Now I live in LA, and had been cursing that I’ve ended up here with no trees that I can go fell without anyone noticing, as we could in the 35 acres of forest back home, without making a dent. Then I realized something… LA is incredibly diverse in its flora, unlike home where there are maybe 20 tree types. Once I started noticing, I found that just my neighborhood has hundreds of species. It’s all imported – we’re a desert – so everyone has whatever they liked out of landscaping books, and the list is enormous. Lemon scented gums, japanese evergreen pears, giant weeping figs, and on and on. And every now and then they ARE felled, and then people have to figure out what to do with them. My officemate has already promised me more rubber tree than I can handle in my hatchback. It’s over 36” wide at its base, and the internet tells me it’s a decent furniture wood. Fun! I’m also keen to hit up tree doctors in the area, bumming for scraps from any and every variety in the county, perfect for my tiny shop.
Anyway, I’ve been thinking it would be fun to start a blog, wherein I go out and pick a new tree now and then, document everything in pictures (bark, base, full shot, leaves/twigs, any fruit/cones/anomalies, etc., and see if anyone out there would help me track down what it was. Is this something folks here would be into? I see that I can add blogs to series (this site keeps getting cooler and cooler), so I’ve preemptively started a Tree ID series for this reason. I think it would take a long time to find as many potentially interested parties as may be here already, and this way, I don’t have to get blogging software sorted myself.

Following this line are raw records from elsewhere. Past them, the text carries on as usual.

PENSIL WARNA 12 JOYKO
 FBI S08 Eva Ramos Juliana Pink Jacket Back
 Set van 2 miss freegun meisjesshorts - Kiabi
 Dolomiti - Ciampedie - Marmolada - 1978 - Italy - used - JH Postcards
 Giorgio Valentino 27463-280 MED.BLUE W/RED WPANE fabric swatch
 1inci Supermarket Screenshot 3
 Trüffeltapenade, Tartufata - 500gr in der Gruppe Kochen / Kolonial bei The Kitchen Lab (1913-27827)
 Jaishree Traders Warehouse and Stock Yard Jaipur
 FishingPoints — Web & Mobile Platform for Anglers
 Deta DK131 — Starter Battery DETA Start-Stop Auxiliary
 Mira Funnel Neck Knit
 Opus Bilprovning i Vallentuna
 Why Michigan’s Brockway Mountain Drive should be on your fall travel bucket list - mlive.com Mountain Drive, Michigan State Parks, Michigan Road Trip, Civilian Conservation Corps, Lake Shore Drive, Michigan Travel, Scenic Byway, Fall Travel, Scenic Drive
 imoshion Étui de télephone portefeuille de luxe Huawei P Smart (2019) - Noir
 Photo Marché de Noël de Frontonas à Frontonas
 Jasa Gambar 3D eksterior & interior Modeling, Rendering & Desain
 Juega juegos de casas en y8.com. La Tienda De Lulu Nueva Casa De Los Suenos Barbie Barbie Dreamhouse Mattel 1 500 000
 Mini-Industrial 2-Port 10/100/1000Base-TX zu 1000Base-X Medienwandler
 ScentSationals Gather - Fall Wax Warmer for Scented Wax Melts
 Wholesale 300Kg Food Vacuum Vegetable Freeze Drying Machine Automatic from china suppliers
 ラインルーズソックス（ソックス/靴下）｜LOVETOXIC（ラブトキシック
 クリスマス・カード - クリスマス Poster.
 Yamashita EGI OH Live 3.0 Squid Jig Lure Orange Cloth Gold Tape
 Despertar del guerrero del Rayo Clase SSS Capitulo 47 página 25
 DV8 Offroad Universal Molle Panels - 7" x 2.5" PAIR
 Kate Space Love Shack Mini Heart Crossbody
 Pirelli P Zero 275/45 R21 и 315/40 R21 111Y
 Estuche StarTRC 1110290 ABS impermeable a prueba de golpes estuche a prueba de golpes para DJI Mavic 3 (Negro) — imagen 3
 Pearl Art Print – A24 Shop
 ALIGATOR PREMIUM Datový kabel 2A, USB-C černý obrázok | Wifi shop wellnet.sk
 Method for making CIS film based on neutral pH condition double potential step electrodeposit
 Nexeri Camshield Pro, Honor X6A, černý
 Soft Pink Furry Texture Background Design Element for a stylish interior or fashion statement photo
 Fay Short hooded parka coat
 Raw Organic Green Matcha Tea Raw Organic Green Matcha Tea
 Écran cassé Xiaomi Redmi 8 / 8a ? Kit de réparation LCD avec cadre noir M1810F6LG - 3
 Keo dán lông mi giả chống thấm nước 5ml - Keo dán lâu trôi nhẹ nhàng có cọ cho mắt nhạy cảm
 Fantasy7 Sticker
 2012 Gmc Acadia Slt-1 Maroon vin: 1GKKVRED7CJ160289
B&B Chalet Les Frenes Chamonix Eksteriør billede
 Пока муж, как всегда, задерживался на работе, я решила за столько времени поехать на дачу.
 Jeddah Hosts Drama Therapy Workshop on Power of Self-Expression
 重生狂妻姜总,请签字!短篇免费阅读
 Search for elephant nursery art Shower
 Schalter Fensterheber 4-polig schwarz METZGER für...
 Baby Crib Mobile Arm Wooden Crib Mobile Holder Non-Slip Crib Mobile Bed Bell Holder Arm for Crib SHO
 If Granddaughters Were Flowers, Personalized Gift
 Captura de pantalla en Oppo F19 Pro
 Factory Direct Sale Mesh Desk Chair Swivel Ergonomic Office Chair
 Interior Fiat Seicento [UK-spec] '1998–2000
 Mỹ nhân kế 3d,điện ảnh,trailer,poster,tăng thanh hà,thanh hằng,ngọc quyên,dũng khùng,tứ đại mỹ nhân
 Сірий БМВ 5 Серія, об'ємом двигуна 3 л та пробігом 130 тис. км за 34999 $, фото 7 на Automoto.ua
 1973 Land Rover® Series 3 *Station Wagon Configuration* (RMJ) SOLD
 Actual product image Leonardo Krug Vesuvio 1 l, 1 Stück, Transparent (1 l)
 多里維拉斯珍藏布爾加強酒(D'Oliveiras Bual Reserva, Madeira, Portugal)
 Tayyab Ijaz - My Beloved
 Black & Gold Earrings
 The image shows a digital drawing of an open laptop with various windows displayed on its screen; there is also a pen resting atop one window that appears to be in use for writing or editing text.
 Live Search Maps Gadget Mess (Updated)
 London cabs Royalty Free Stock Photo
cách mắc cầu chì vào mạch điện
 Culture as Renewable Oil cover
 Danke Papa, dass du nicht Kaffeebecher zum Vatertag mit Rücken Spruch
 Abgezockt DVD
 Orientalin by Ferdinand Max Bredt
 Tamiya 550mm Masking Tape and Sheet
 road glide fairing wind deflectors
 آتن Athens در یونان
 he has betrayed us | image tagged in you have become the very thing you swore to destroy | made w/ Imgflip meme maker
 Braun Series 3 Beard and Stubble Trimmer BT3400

Also, though I would post a few pics here anyway, is it considered foul-play to also link from here to a more image-based site, like Flickr, for the big, and very high-res image dumps (12 megapixel)? As an example, here's a tree I was really excited to finally identify in the parking lot at work last week. They’re all around the neighborhood, and so pretty, if pruned tremendously. All of the surrounding neighborhood is like a crossword puzzle now, and just driving to and from work takes me past maybe 150 species, almost all of which I don’t yet know anything about. How exciting!